Elle ne décrit pas néanmoins son acte de rébellion ce jour-là comme prémédité. Elle n’avait pas décidé avant de monter dans le bus qu’elle ne lèverait pas, bien qu’il y ait eu des cas d’autres personnes soutenues par la NAACP dans des situations similaires.

Son geste semble s’inscrire dans la continuité de tous les évènements décrits auparavant dans son autobiographie : les humiliations et la violence déjà subie par sa famille et ses proches, son engagement militant.

Il y a pourtant ici une rupture, une bifurcation. Pas seulement dans la réception de ce fait qui deviendra sous l’effet d’actions militantes un évènement historique. Le fait de ne pas se lever, n’est pas en soi un évènement historique. Il faut par la suite toute un travail militant pour le transformer en évènement date de l’histoire de la lutte pour les droits civiques.
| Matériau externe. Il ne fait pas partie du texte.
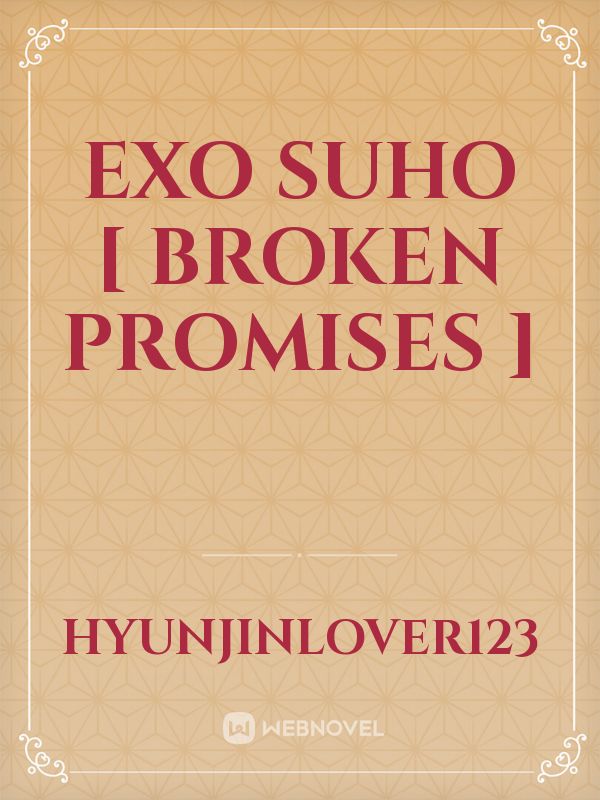 Exo Suho [ Broken Promises ] Book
Néanmoins, il s’agit bien d’un évènement dans la vie de Rosa Parks, avant d’avoir été un évènement historique. Elle sait qu’elle va être arrêtée et envoyée en prison, et l’assume. C’est là que surgit la rupture. Elle n’avait pas prémédité son geste, puis elle est confrontée à une situation. Elle peut se lever ou pas. Elle refuse de se lever. Elle sait qu’elle va être envoyée en prison. C’est ce moment de basculement qui est singulier.